A Missed Opportunity

This post has nothing to do with disability. The reason for the diversion is that I am just coming out of a really horrific phase of my life and my mind cannot grapple with anything too disconnected from my trauma. Although I hinted about his ill-health, the day after I wrote my arguably - and understandably - most read post, viz. my tribute to Rahul, was also the day I lost my brother. (And this double loss, of first Rahul, and then Mahi, after a week of regular and gloomy visits to the hospital when he was in the ICU and one never got to see and talk to him, and waiting for the bad news at any moment,  is this trauma I am talking about.) Here was a guy barely 5 years older than me (although he was more than 25 years older than Rahul!), in the pink of his health in November, and suddenly things started going wrong and the way the state of his health nose-dived after that was almost like a free fall and equally frightening to see.

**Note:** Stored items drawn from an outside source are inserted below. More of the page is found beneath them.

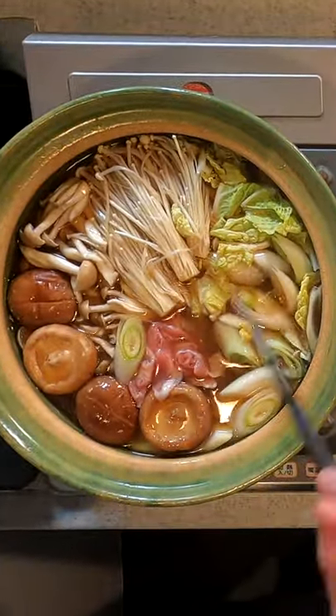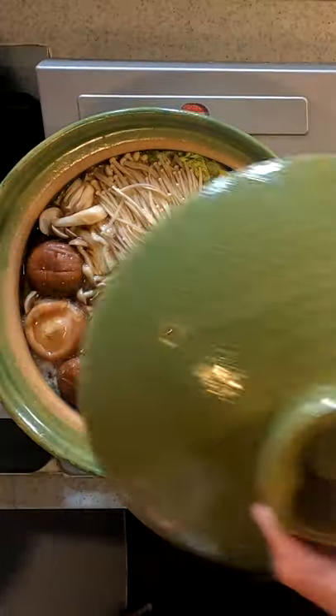Add meat or seafood. Here's some pork belly and freshly made meatballs. Let's cover that for about 10 minutes.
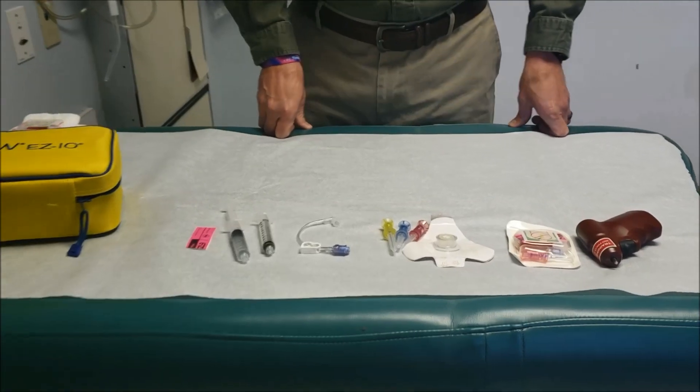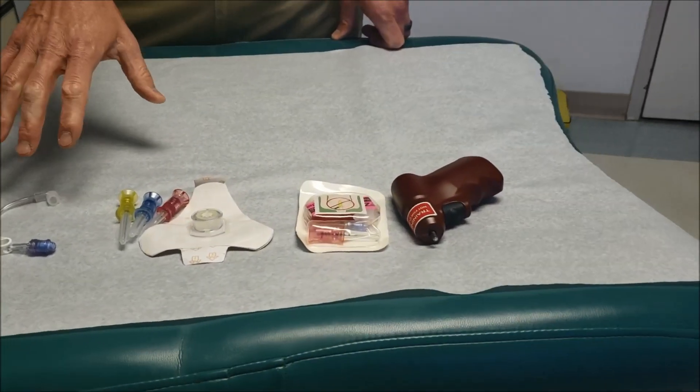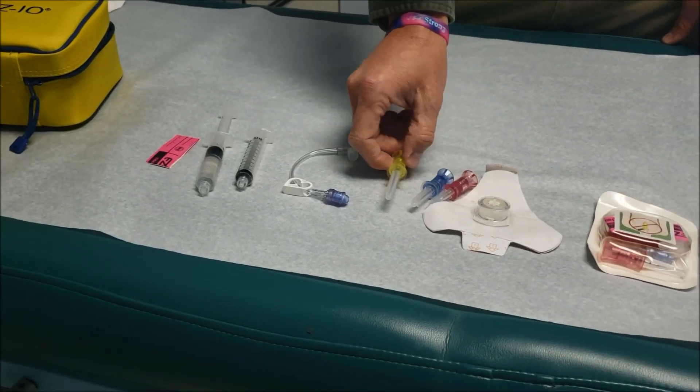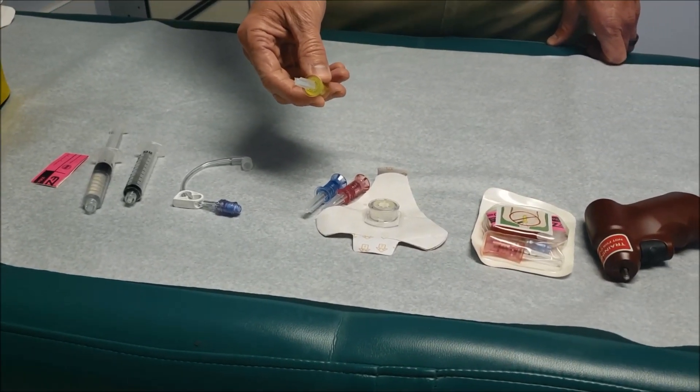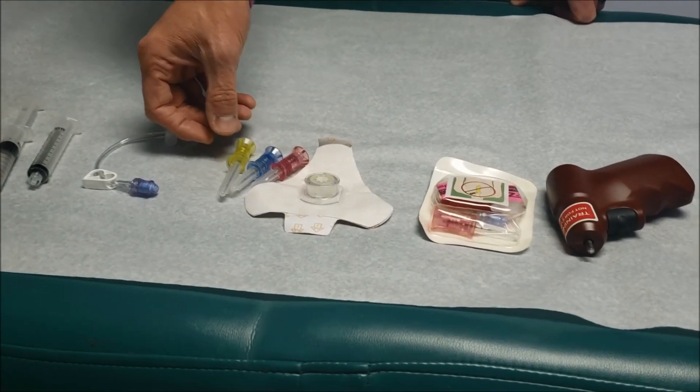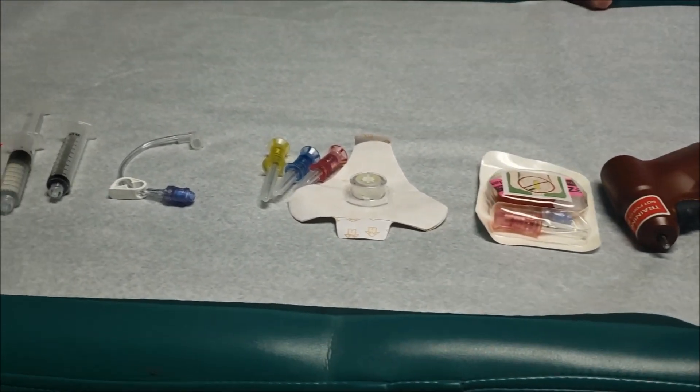Hello, this is the quick hit on the EZIO insertion. Here's the basic equipment you're going to need. I want to highlight that the 45 millimeter needle, the yellow one, is the needle of choice for your proximal humerus insertion in any patient that's a code within the hospital.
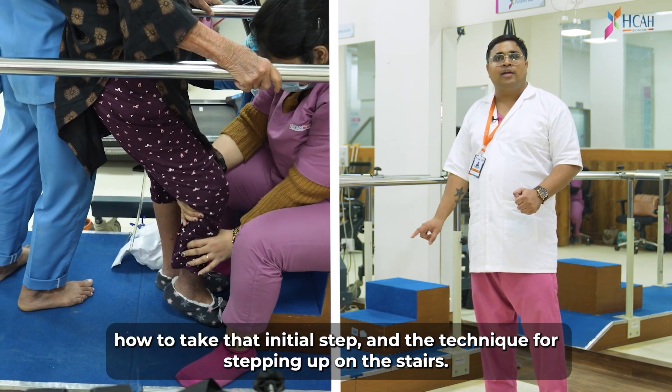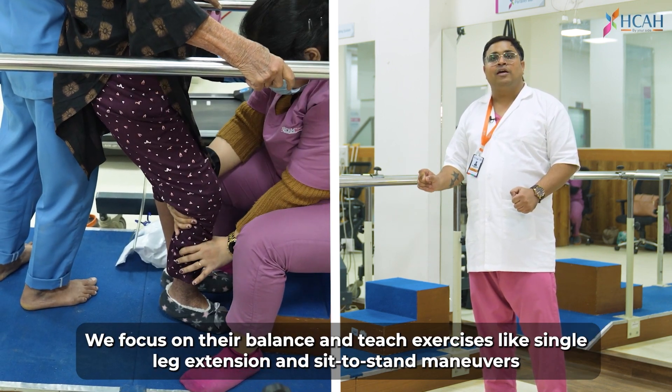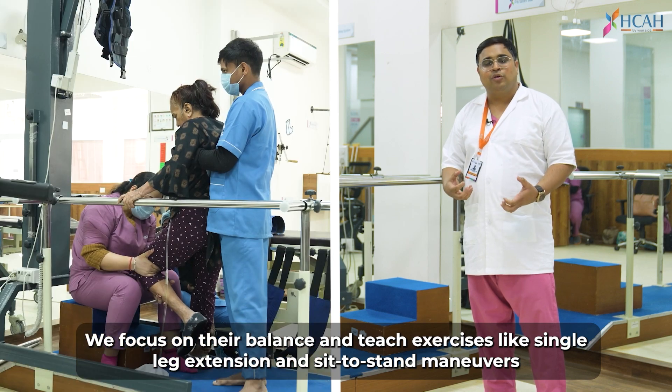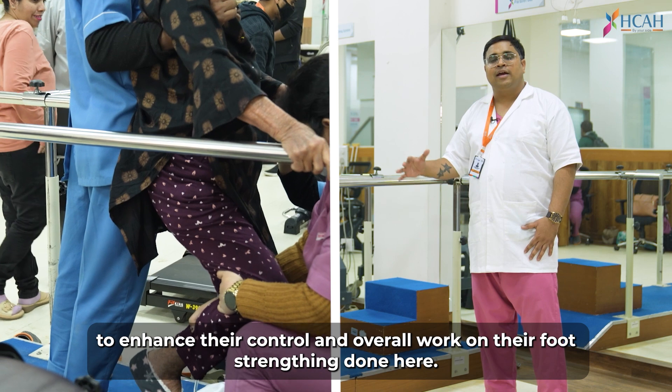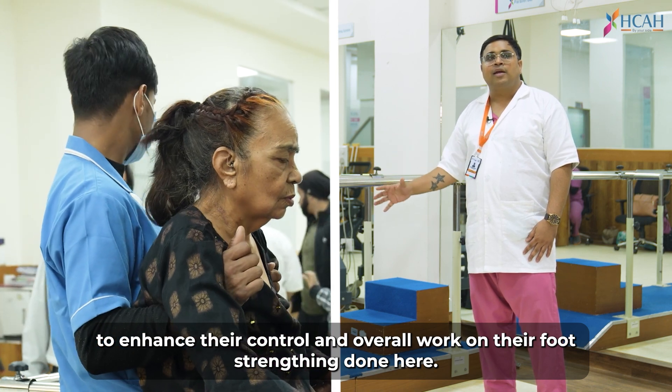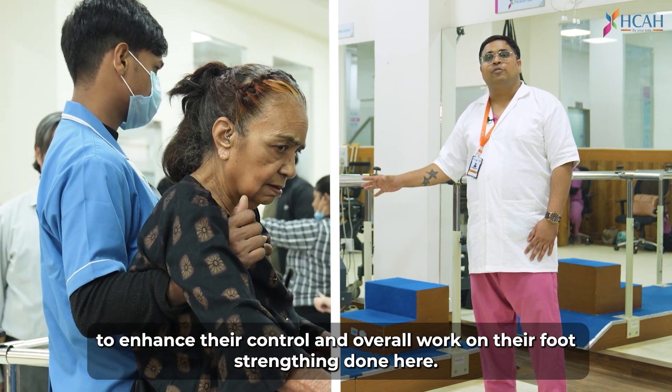How to do staircasing on the steps. He works on the balance — like a single leg standing patient, a sit-to-stand patient. He works on the control of the patient and works on the footwork.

His was a most unconventional professional trajectory. After having joined the IIT (just because he wrote the entrance exam and did well enough to be offered a seat the possibility of refusal of which was decried by various uncles and elders in the family). After barely a year of the kind of boot camp that a first year student of the IITs faces, he had the guts to say `enough is enough' and to join a B.Sc. programme in physics, after having been seduced to the subject by the three volumes of Feynman's lectures (which I still possess as a prized bequest from him). He completed a bachelors and masters in physics, and found his soul-mate during his masters' programme and soon thereafter maded two life-changing decidions: (a) he got married because her family was moving to the US en masse, and (b) he gave up physics to get a job as a lowly sub-editor in a newspaper. Before long, at somebody's suggestion, he applied for, and was selected by the Tata Administrative Services. He worked with Telco in Pune for some years, and became something of an expert in Human Relations, following which he moved on to the Taj group of hotels. After a few years, he moved to Wipro for a brief spell before he made an inspired switch from a business-driven world to the peaceful environs of academia in a private University in a small town in England, where he built a credible school for service management.

I still remember the first time I saw him after he had had a whiff of the romance and lure of the academic world, whose praises he was singing with the fervour of a recent convert, forgetting that I had been in academia for close to twenty years by then! But from everything I have been hearing and reading about him since his cruelly early demise, this numerical senioriy I had was rapidly overcome to the stage where he enjoys almost a guru status in his line of work.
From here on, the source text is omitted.